How quickly does the project ship security patches after AOSP releases them? Every day of delay is a day you’re running known-vulnerable code. Projects that routinely lag by weeks or months get penalized. Projects that stop updating entirely get a death sentence.

3. Transparency & Auditability (Weight: High)

Is the code open source? Can independent researchers verify claims? Closed-source “privacy” OSes are an inherent contradiction — you’re trusting the vendor’s word instead of Google’s word, which isn’t meaningfully different.

4. App Compatibility (Weight: Medium)

Can you actually use the phone for daily life? The most secure phone in the world is useless if you can’t run your banking app, navigation, or messaging. Sandboxed Google Play compatibility is a massive advantage here.

5. Verified Boot (Weight: Medium)

Can the OS verify its own integrity at boot? This prevents persistent malware from surviving a reboot and is a critical security property that many custom ROMs simply cannot provide.

6. Price-to-Value (Weight: Low but Notable)

Is the hardware worth what you’re paying, or are you subsidizing a brand’s marketing budget? We won’t penalize a good product for costing money, but we will call out products that charge flagship prices for mid-range hardware.


S Tier — Maximum Security

GrapheneOS on Google Pixel

The best. Full stop.

GrapheneOS on a supported Pixel device (currently Pixel 6 through Pixel 10 series) is not just the best privacy phone option — it’s arguably the most secure consumer mobile OS in existence, including stock iOS and Android.
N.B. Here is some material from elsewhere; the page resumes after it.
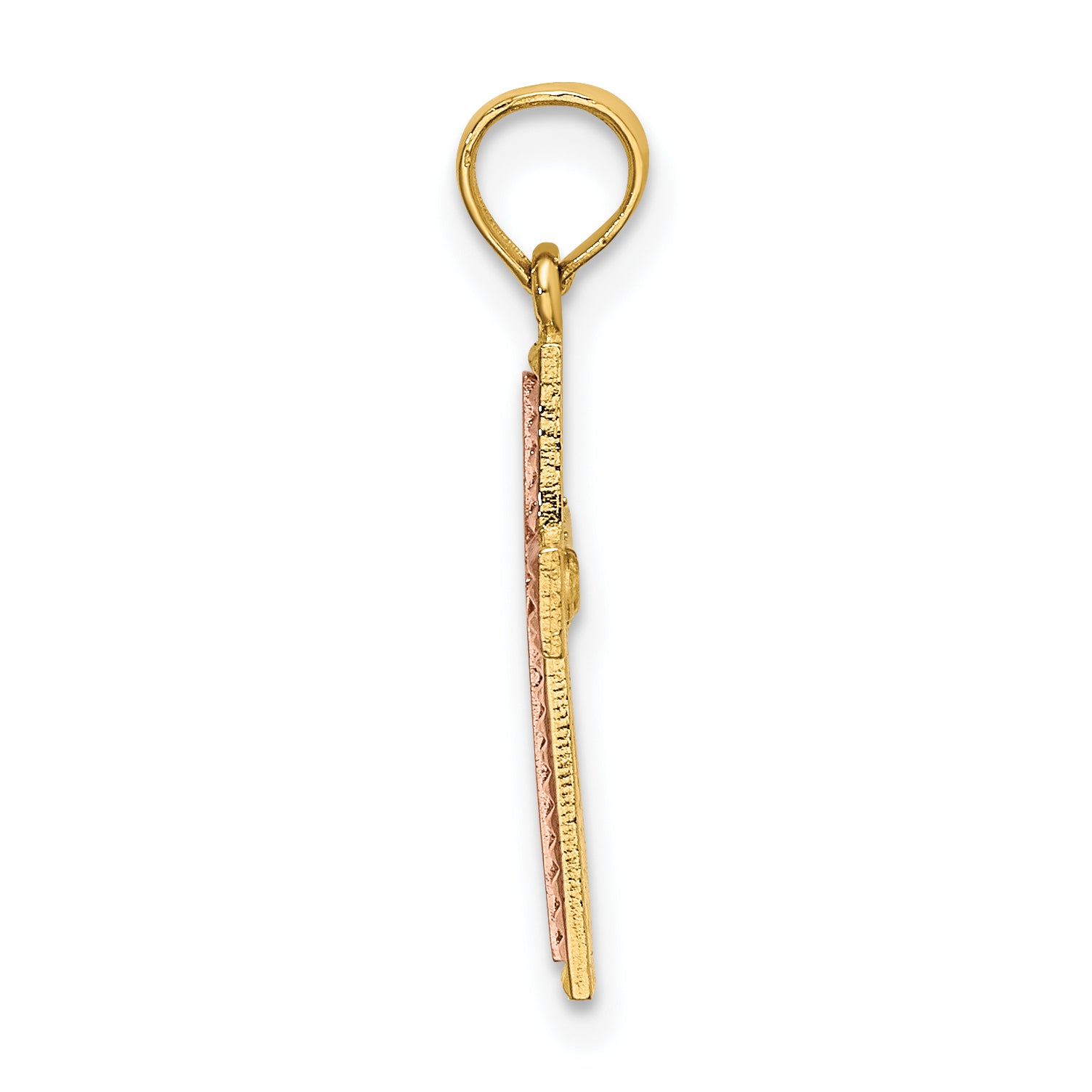 14k Two-tone Polished Cross Charm Secondary image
That’s not hyperbole. Here’s why:

Verified boot with custom key support. GrapheneOS is one of the only custom Android OSes that properly implements verified boot. When you install GrapheneOS and re-lock the bootloader, your phone cryptographically verifies the OS integrity at every boot. If someone tampers with the OS, the phone won’t start. Most custom ROMs require an unlocked bootloader, which disables this critical security feature.

Hardened memory allocator. GrapheneOS replaces Android’s default memory allocator with a hardened version that makes entire classes of memory corruption exploits significantly harder to pull off. This isn’t a toggle in settings — it’s deep systems engineering that most projects lack the expertise to implement.
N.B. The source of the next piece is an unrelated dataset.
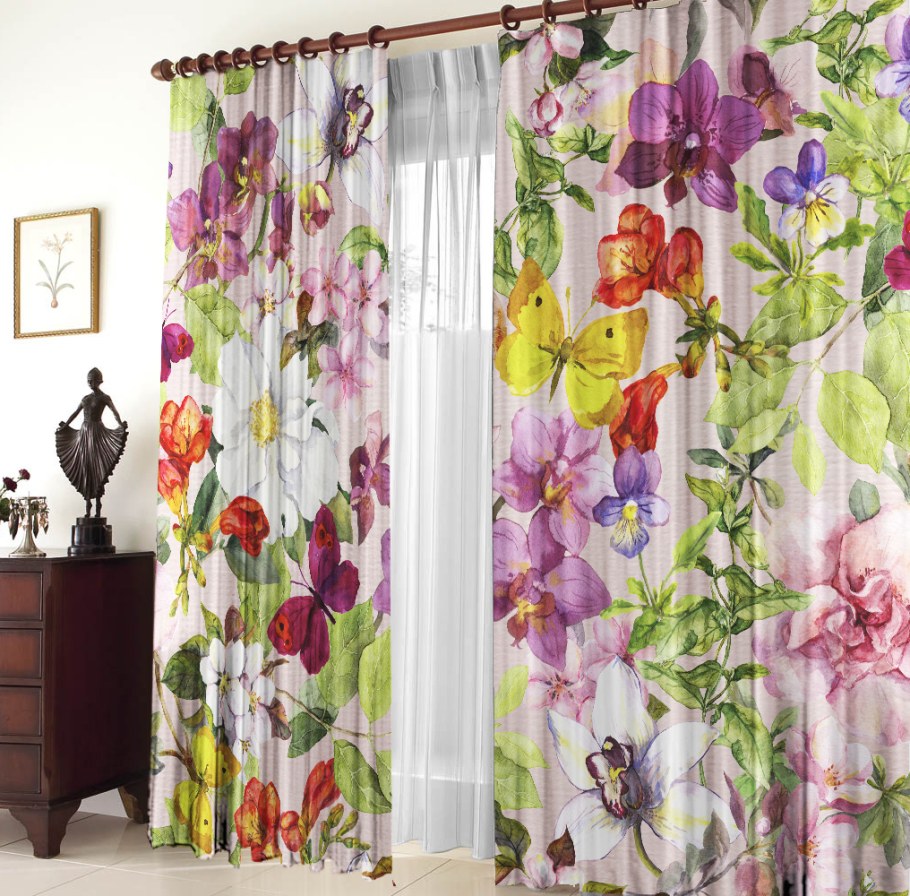 Шторы с цветами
Sandboxed Google Play. This is GrapheneOS’s killer feature for daily usability. Instead of baking Google Play Services into the OS with system-level privileges (as stock Android does) or forking it via microG (as /e/OS and iodéOS do), GrapheneOS runs official Google Play Services inside a sandbox with no special privileges. Your banking app works. Google Maps works. But Google Play can only see what you explicitly allow it to see. It’s the best of both worlds — full app compatibility without the surveillance.

Fastest patch delivery. GrapheneOS consistently ships security patches within days — sometimes hours — of AOSP releases. The latest release (2026021200) is already rolling out to all supported devices. No other custom ROM comes close to this cadence.

Network and sensor permissions. GrapheneOS adds granular controls that stock Android doesn’t offer: per-app network permission toggles, sensor permissions, contact and storage scopes. These aren’t gimmicks — they’re meaningful privacy controls.

Non-Pixel hardware coming. In early 2026, the GrapheneOS team confirmed a non-Pixel OEM partnership announcement is imminent, likely expanding device support beyond the Pixel line for the first time. This could be transformative for adoption.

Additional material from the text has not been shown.